Mergers and acquisitions (M&A) that hurt customers by creating monopolies are great for business, Goldman Sachs asserts in a research report. “M&A that drives an industry toward oligopoly is the good kind,” according to the paper. “An oligopolistic market structure can turn a cut-throat commodity industry into a highly profitable one … because they simultaneously satisfy multiple critical components of sustainable competitive advantage—a smaller set of relevant peers faces lower competitive intensity, greater stickiness and pricing power with customers due to reduced choice, scale cost benefits including stronger leverage over suppliers, and higher barriers to new entrants all at once.”

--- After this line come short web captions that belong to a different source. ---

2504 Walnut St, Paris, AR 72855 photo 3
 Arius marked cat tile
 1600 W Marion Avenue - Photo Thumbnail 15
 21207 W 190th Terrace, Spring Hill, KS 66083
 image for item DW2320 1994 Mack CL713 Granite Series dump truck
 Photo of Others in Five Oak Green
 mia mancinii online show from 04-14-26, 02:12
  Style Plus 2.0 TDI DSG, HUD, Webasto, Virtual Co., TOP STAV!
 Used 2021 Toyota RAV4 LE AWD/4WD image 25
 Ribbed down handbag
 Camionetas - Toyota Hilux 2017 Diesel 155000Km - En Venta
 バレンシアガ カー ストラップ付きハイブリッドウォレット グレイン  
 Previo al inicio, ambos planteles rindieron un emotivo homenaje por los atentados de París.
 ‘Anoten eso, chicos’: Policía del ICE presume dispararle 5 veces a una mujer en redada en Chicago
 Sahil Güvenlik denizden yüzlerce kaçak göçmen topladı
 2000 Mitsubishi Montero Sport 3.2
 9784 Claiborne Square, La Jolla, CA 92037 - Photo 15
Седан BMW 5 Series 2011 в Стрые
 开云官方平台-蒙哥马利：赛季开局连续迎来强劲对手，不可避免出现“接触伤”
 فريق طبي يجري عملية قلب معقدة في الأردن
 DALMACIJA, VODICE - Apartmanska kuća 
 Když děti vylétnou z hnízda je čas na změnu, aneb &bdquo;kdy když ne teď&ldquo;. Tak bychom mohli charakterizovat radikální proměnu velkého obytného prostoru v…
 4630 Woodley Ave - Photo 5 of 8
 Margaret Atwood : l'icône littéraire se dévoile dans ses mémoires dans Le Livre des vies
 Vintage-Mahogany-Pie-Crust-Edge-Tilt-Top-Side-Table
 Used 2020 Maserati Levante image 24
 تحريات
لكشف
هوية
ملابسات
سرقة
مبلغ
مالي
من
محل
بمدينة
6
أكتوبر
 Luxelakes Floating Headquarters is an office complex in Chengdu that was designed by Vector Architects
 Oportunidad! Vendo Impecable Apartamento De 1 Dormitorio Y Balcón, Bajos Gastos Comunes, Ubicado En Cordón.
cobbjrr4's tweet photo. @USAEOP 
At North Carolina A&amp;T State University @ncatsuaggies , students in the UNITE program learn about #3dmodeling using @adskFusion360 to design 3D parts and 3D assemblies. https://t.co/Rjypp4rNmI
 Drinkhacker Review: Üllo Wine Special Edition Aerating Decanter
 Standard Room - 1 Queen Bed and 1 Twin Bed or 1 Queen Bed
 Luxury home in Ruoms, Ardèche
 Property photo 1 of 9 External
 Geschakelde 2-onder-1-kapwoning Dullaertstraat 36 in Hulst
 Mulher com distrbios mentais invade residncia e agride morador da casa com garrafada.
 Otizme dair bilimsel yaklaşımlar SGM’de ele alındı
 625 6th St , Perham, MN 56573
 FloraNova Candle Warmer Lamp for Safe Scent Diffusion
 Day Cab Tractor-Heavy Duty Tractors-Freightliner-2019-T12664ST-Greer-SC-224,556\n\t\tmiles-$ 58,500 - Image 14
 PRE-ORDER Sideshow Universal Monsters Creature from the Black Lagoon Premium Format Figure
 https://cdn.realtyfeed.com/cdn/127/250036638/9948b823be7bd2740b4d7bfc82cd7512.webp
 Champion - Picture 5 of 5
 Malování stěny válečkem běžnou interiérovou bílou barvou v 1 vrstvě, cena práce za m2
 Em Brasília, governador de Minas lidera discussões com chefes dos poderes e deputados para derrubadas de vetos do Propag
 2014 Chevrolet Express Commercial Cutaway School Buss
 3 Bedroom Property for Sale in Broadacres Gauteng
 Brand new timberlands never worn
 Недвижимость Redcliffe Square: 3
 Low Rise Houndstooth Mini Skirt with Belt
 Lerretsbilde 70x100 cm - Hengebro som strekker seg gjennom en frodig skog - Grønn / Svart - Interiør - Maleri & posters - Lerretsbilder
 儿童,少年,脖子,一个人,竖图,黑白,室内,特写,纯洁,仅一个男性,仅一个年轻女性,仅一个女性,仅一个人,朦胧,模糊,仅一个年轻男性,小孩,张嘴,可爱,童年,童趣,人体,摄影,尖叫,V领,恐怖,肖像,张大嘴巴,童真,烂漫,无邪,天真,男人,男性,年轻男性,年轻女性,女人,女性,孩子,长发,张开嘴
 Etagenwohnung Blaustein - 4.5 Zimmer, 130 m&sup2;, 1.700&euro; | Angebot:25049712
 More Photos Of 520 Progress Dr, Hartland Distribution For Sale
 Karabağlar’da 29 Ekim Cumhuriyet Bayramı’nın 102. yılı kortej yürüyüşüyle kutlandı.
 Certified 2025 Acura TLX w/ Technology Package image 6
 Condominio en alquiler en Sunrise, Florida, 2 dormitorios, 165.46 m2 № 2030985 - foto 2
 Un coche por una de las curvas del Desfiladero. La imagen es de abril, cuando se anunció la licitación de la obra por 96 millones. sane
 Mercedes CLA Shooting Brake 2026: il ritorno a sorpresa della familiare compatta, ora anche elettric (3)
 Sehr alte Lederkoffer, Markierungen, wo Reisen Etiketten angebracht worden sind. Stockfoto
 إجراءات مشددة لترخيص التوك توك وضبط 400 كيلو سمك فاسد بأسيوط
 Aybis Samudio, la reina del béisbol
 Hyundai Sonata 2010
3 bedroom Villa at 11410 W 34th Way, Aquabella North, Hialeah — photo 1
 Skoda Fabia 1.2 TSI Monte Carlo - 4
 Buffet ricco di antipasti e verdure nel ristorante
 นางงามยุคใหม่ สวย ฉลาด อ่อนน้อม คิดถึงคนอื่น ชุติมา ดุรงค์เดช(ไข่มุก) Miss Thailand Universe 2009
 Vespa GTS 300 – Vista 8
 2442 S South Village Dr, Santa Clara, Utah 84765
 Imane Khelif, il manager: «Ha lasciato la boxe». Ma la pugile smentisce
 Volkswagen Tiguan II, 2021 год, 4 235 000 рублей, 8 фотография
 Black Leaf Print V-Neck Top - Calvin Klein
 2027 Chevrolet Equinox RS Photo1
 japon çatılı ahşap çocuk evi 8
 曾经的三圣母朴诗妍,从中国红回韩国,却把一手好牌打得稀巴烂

Goldman Sachs Group and Deutsche Bank are quietly trying to exit the raw uranium trading business, a business few people even knew Goldman was involved in, Reuters reports. Over the past four years, the two banks have acquired low-grade stockpiles of the nuclear fuel ingredient (also known as yellowcake) larger than those held by Iran, and sufficient to operate China’s nuclear power generating facilities for a year. “Goldman’s uranium business can trace its roots back to an apartheid-era South African trading conglomerate that sold Iran its only known source of foreign yellowcake 35 years ago,” the wire service reports. “To this day, that uranium delivery underpins Iran’s disputed enrichment program, which western powers fear is aimed at developing atomic weapons, although Iran denies that.” But demand has dropped in the wake of the Fukushima nuclear reactor disaster in Japan and Goldman is trying to offload its nuclear trading desk, known as NUFCOR International Ltd.